In 2005, FDA approved a nanoparticle paclitaxel (also known as nab-paclitaxel) from Abraxis Bioscience under a name Abraxane. This form of the drug showed better effectiveness and lesser toxicity when compared to original paclitaxel; one of the reasons for the latter is that a highly toxic solvent called Cremophor does not have to be used anymore.
Paclitaxel is an effective anticancer agent against ovarian, lung, breast, prostate, liver, gastric and pancreatic cancer.
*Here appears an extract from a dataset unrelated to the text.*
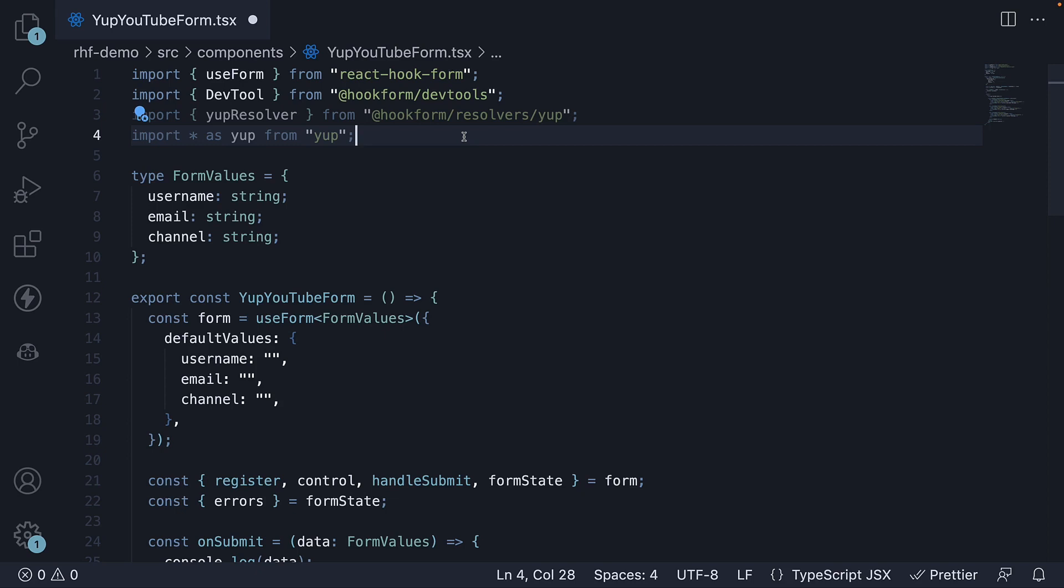Now this video is not going to be a tutorial on yup library itself. I recommend you go through the documentation to understand better how to write the different validation rules. This video is about integrating yup with react hook form so I will give you a brief explanation of how to write a yup schema.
This drug has also shown beneficial effects on melanoma, head and neck squamous cell carcinoma, anaplastic thyroid carcinoma and some other types of malignant tumors.
Although the list of cancers targeted by paclitaxel is still expanding, its main role to date is in treating metastatic carcinoma of the ovary, non-small cell lung carcinoma, metastatic breast cancer and as a second-line agent in AIDS-related Kaposi's sarcoma.
Production of IL-12 in tumor bearing hosts is also one of the effects of paclitaxel, which can in turn down-regulate the tumor growth significantly. The drug also upregulates functional IL-6 expression in ovarian cancer cells by employing multiple signaling pathways. In addition, glycolysis can be reduced via specific mechanisms.
This drug can also act as an anti-proliferative agent. Stent-based elution of paclitaxel considerably reduces neointimal hyperplasia, angiographic restenosis and the need for repeated revascularization in patients undergoing percutaneous coronary interventions.
Paclitaxel is currently being studies for other diseases that require stabilization of microtubules and the avoidance of angiogenesis and cell proliferation. One example is psoriasis, one of the most baffling and persistent skin disorders. As there is an ongoing research of paclitaxel as a potential treatment for Alzheimer's or Parkinson's disease, the magnitude of the drugs' usefulness could be even bigger.